Generate prediction result (hdf5 format) from ChromBERT when given single cell, region and regulator.

chrombert_imputation_cistrome_sc [OPTIONS] SUPERVISED_FILE --o-h5 H5_PATH --finetune-ckpt CKPT --prompt-kind KIND

Options

supervised_file¶: Path to the supervised file.

--o-h5¶: Path of the output HDF5 file. This option is required.

--prompt-kind¶

Prompt data class. Choose from cistrome or expression. This option is required.

--basedir¶: Base directory for the required files. Default is set to the value of DEFAULT_BASEDIR.

-g, --genome¶: Genome version. For example, hg38 or mm10. Only hg38 is supported now. Default is hg38.

--pretrain-ckpt¶: Path to the pretrain checkpoint. Optional if it could be inferred from other arguments.

-d, --hdf5-file¶: Path to the HDF5 file that contains the dataset. Optional if it could be inferred from other arguments.

-hr, --high-resolution¶: Use 200-bp resolution instead of 1-kb resolution. Caution: 200-bp resolution is preparing for the future release of ChromBERT, which is not available yet.

--finetune-ckpt¶: Path to the finetune checkpoint. Optional.

--prompt-dim-external¶: Dimension of external data. Use 512 for scGPT and 768 for ChromBERT’s embedding. Default is 512.

--prompt-celltype-cache-file¶: Path to the cell-type-specific prompt cache file. Optional.

--prompt-regulator-cache-file¶: Path to the regulator prompt cache file. Optional.

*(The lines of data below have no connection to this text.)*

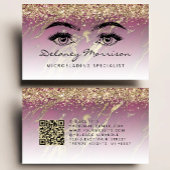 Carte De Visite Burgundy Gold Marble Eyes QR Code Microblading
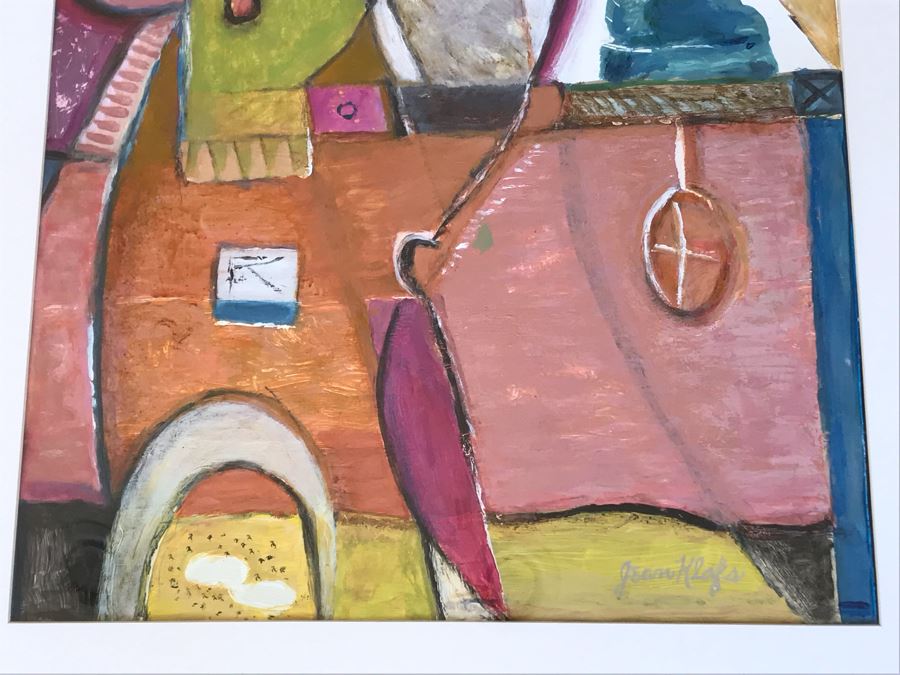 Original Jean Klafs Abstract Expressionist Framed Painting On Paper Titled 'All About Color' 30 X 24 [Photo 6]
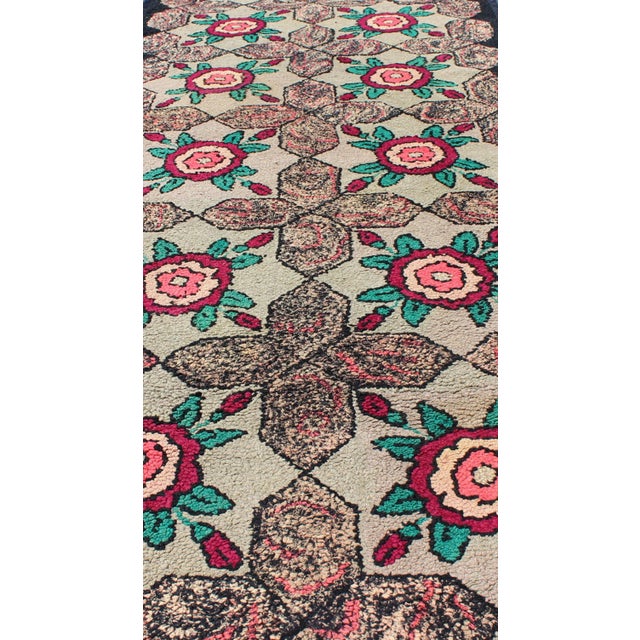 Repeating Floral-Leaf Design American Hooked Rug in Brown, Green, and Red For Sale - Image 4 of 11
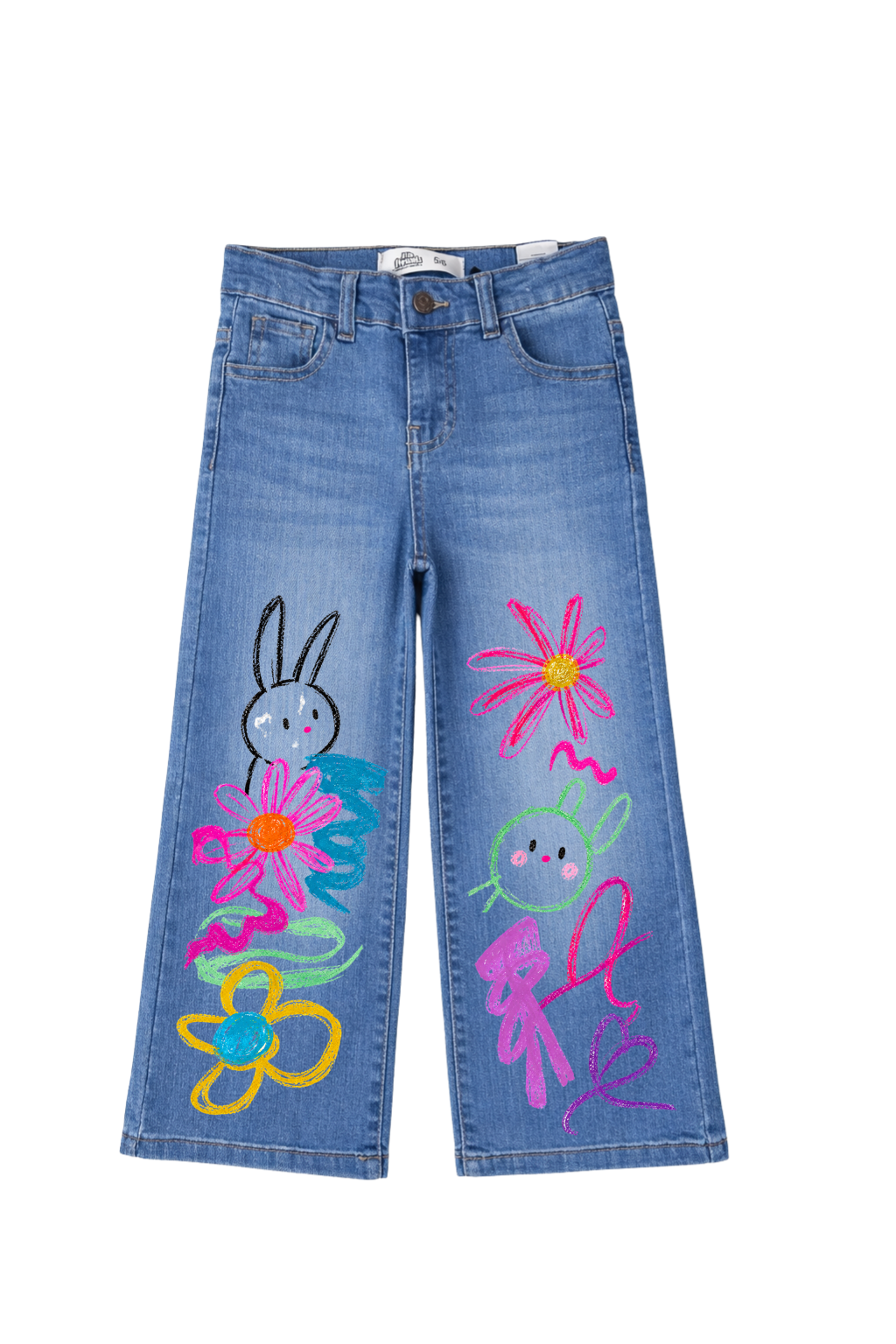 Doodle Bunny Bloom Graphic Wide Leg Jeans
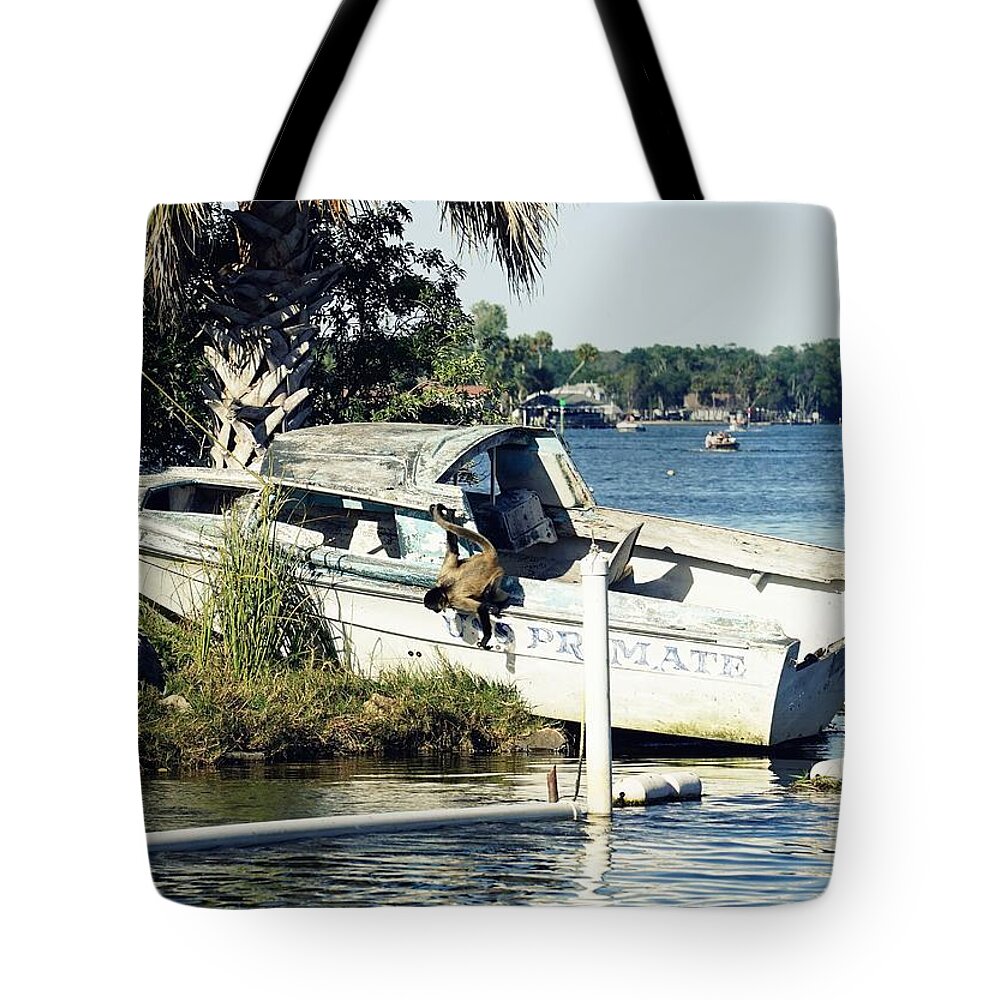 Monkey Island Tote Bag featuring the photograph US Primate by Laurie Perry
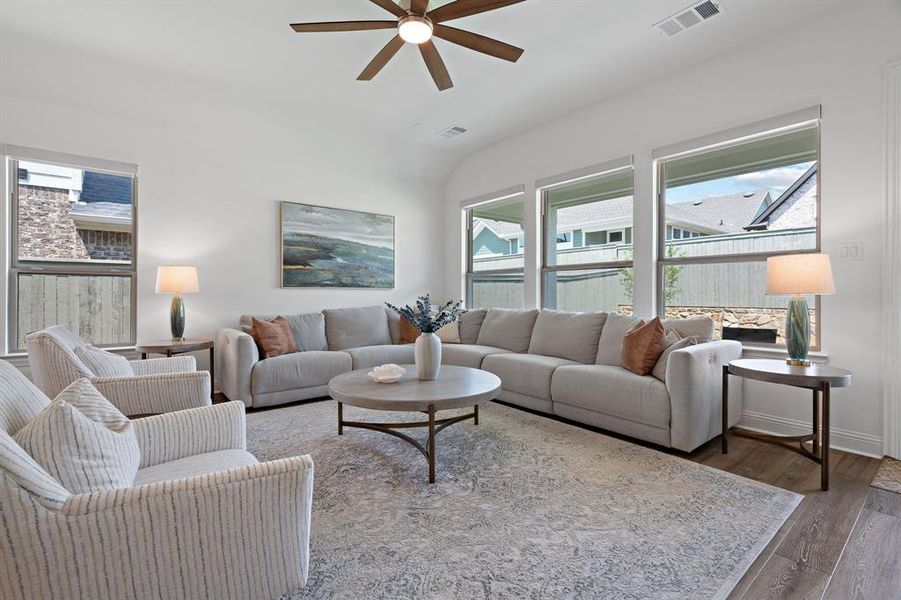 There is plenty of room for every member of your family in this spacious family room. There is plenty of room for every member of your family in this spacious family room.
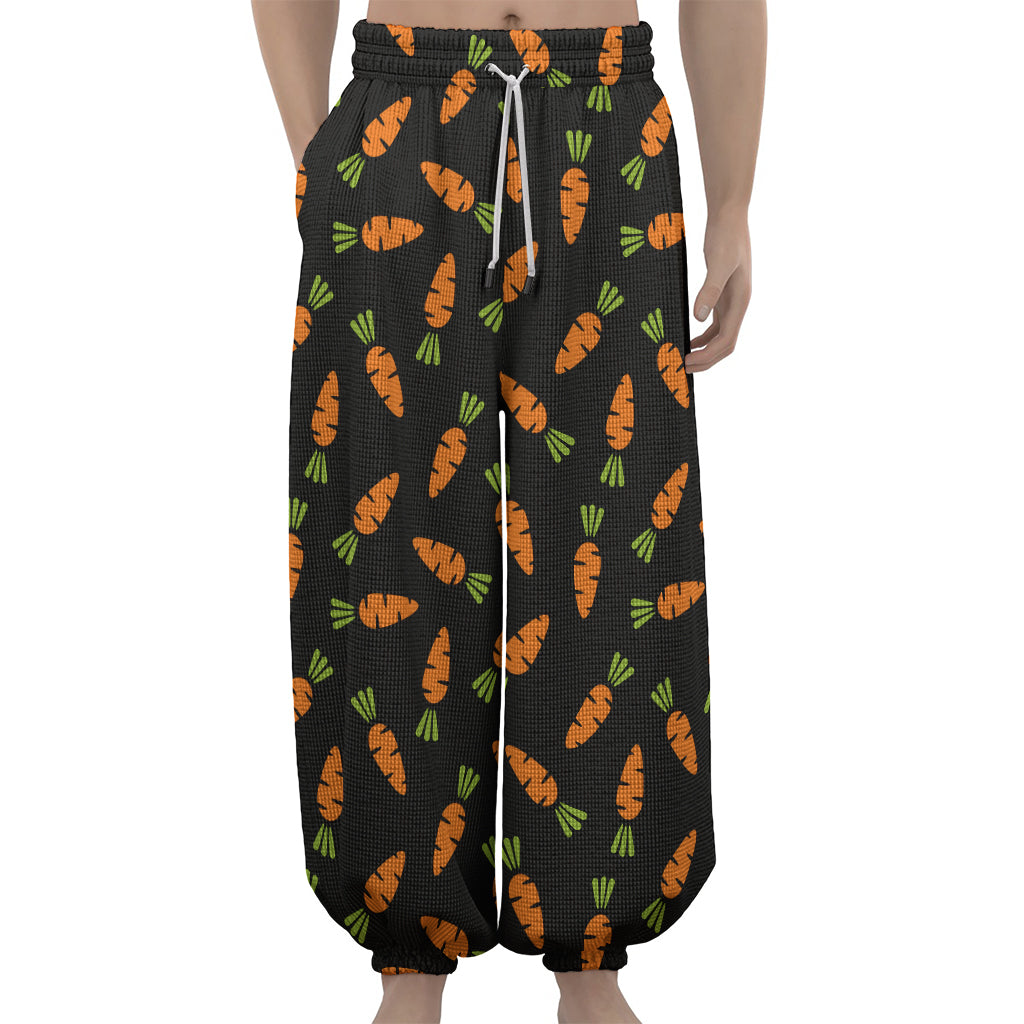 Black Carrot Pattern Print Lantern Pants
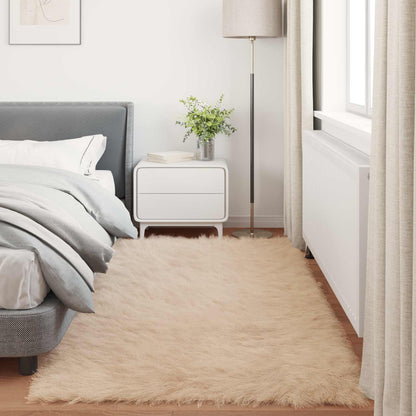 vidaXL Kunstschaffell Teppich Tafalla Beige 80 x 200 cm Polyester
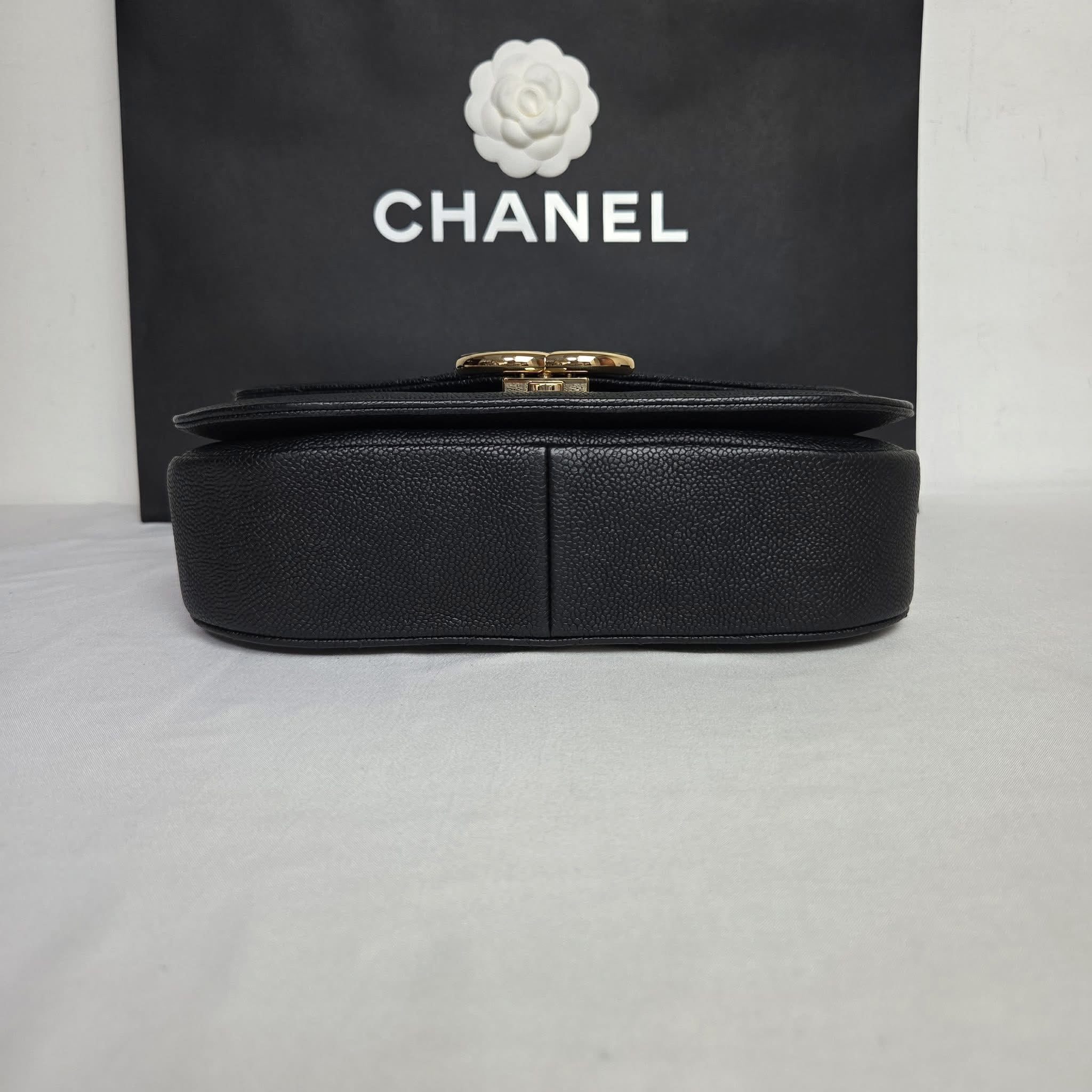 Chanel Chanel Handle & Crossbody Caviar Black Gold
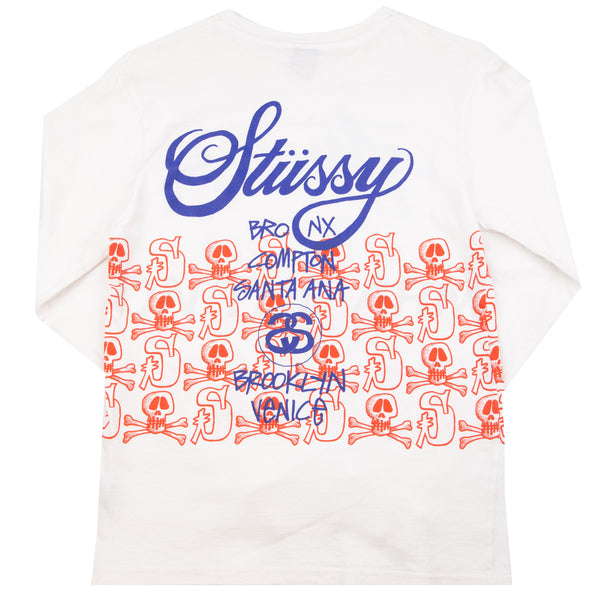 Stussy White Skull World Tour L/S PRE-OWNED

--prompt-regulator-cache-pin-memory¶
Pin memory for regulator prompt cache for further accelerating. Default is False.¶

--prompt-regulator-cache-limit¶
The limit of regulator prompt cached in memory. Be mindful of your memory usage!¶

--prompt-celltype¶: The cell-type-specific prompt. For example, dnase:k562 for cistrome prompt and k562 for expression prompt. It can also be provided in the supervised file if the format supports. Optional.

--prompt-regulator¶: The regulator prompt. Determine the kind of output. For example, ctcf or h3k27ac. It can also be provided in the supervised file if the format supports. Optional.

--batch-size¶: Batch size. Default is 8.

--num-workers¶: Number of workers for the dataloader. Default is 8.